=== SUPPLIED ENTRIES ===
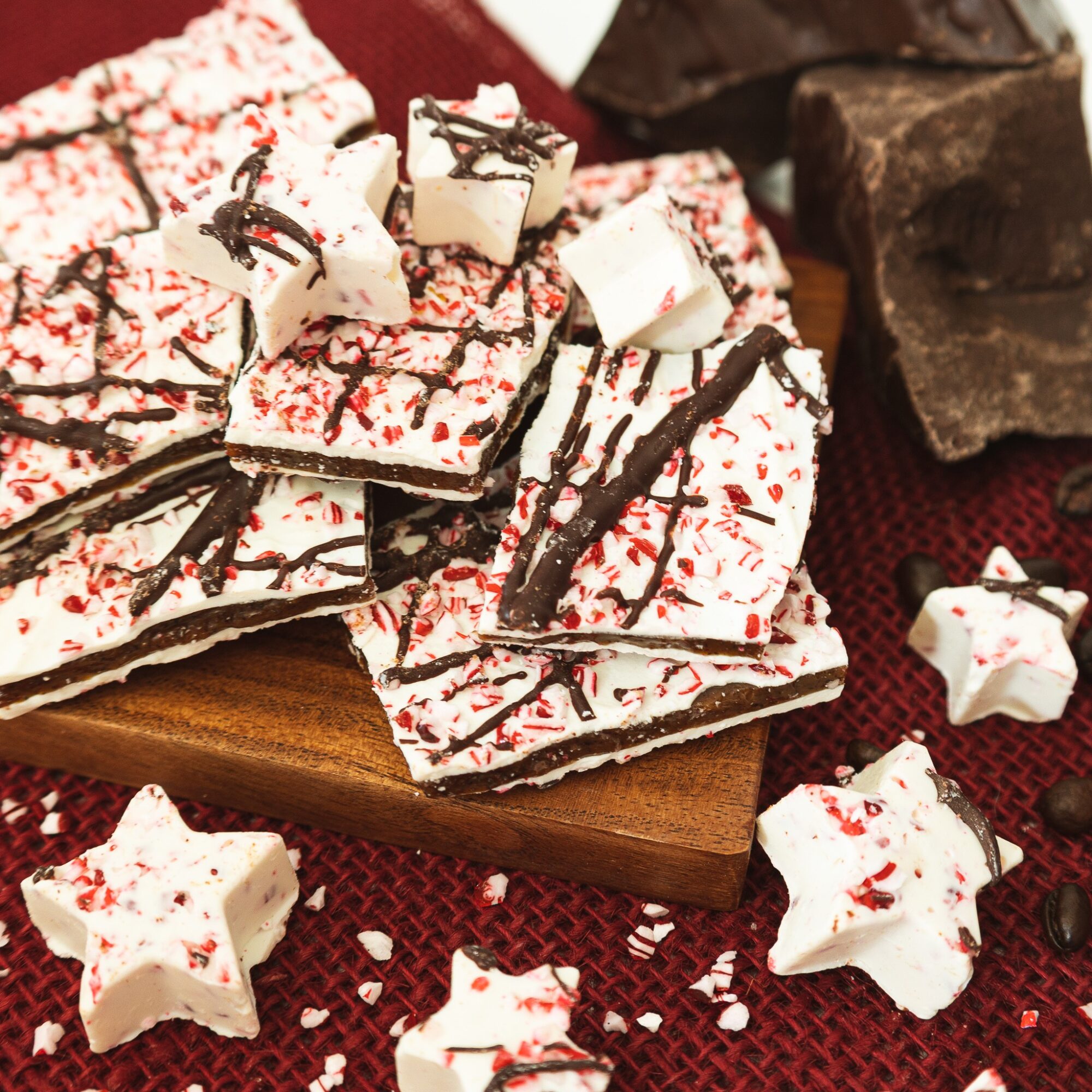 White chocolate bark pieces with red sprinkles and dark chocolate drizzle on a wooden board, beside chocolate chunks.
==
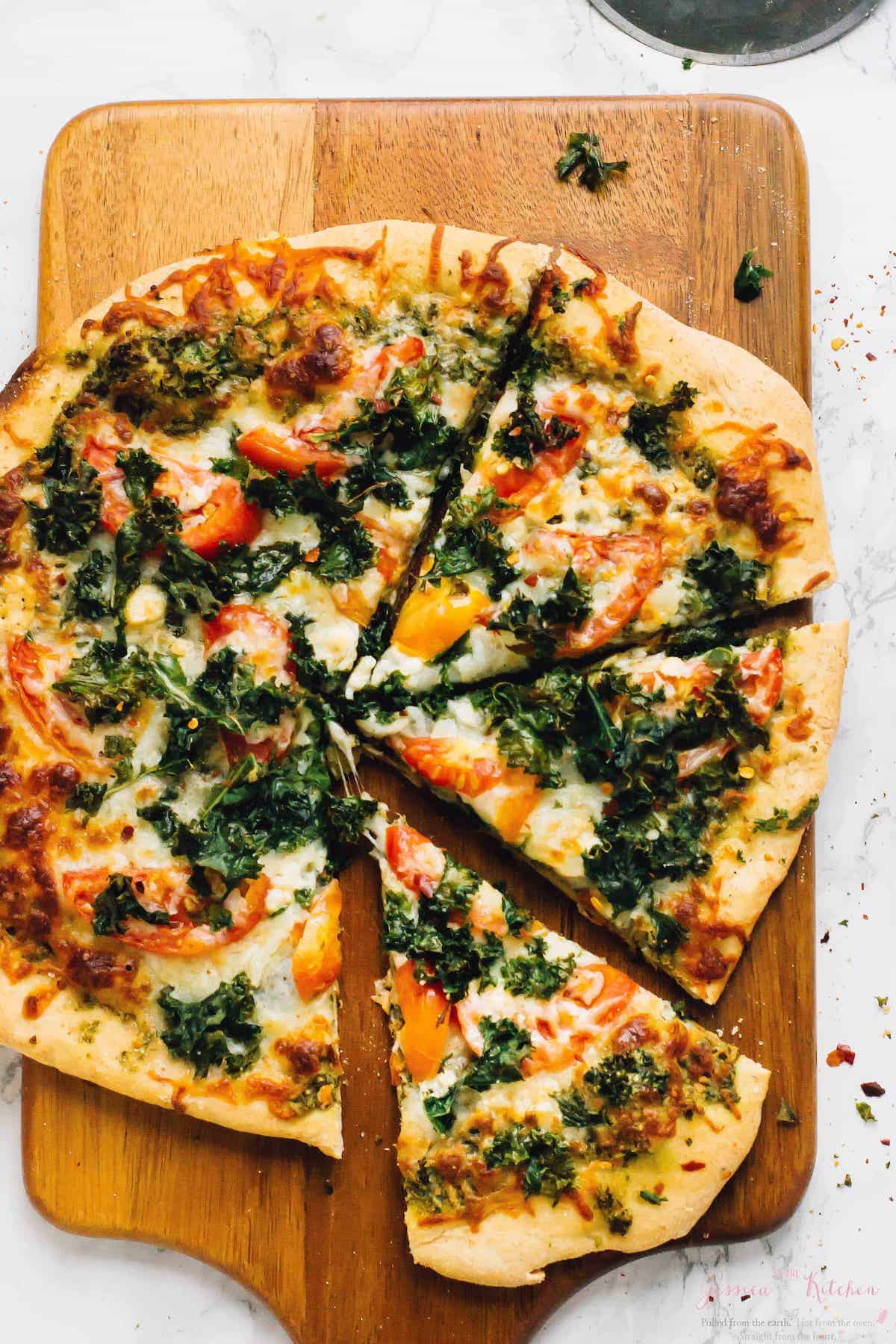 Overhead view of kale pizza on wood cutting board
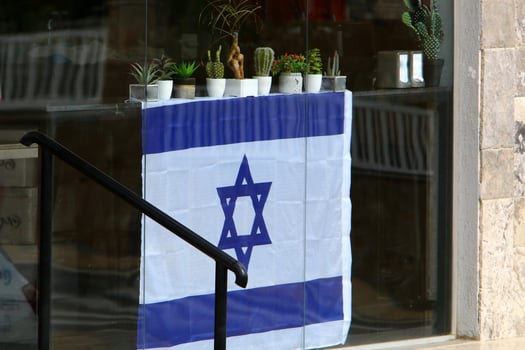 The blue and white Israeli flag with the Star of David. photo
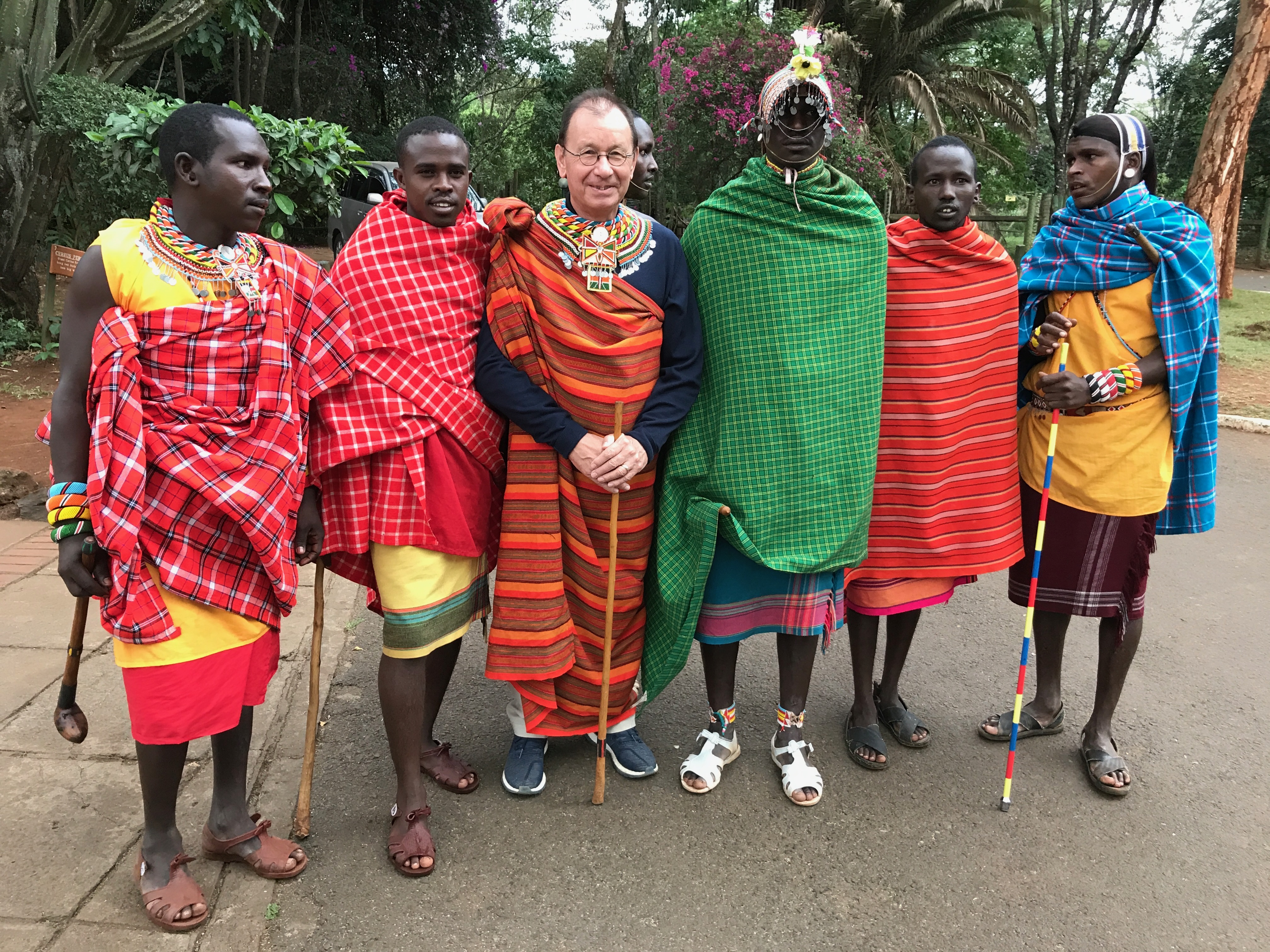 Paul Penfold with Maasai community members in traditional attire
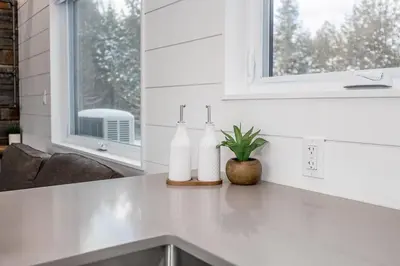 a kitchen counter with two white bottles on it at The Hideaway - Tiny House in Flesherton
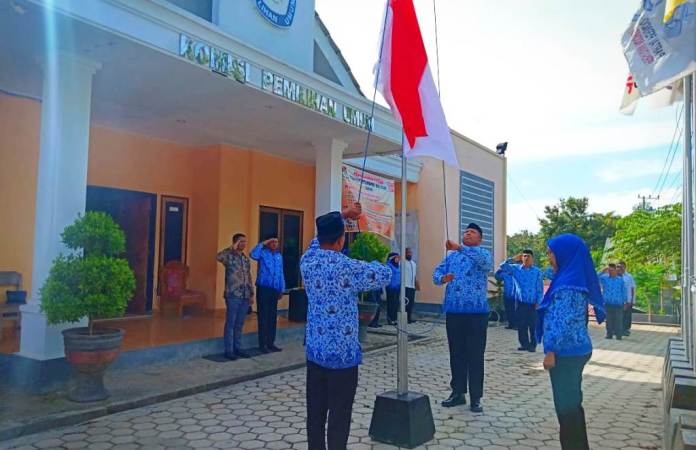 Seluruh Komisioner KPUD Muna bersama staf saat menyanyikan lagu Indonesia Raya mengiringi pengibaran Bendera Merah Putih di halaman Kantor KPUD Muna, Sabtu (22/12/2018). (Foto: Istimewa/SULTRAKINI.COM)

=== PROBLEM TO SOLVE ===
From the material above, reproduce only what runs from the line holding "The blue and" down to the line holding "Seluruh Komisioner KPUD", both included, pictures excluded.

=== RESULT OF THIS TASK ===
 The blue and white Israeli flag with the Star of David. photo
 Paul Penfold with Maasai community members in traditional attire
 a kitchen counter with two white bottles on it at The Hideaway - Tiny House in Flesherton
 Seluruh Komisioner KPUD Muna bersama staf saat menyanyikan lagu Indonesia Raya mengiringi pengibaran Bendera Merah Putih di halaman Kantor KPUD Muna, Sabtu (22/12/2018). (Foto: Istimewa/SULTRAKINI.COM)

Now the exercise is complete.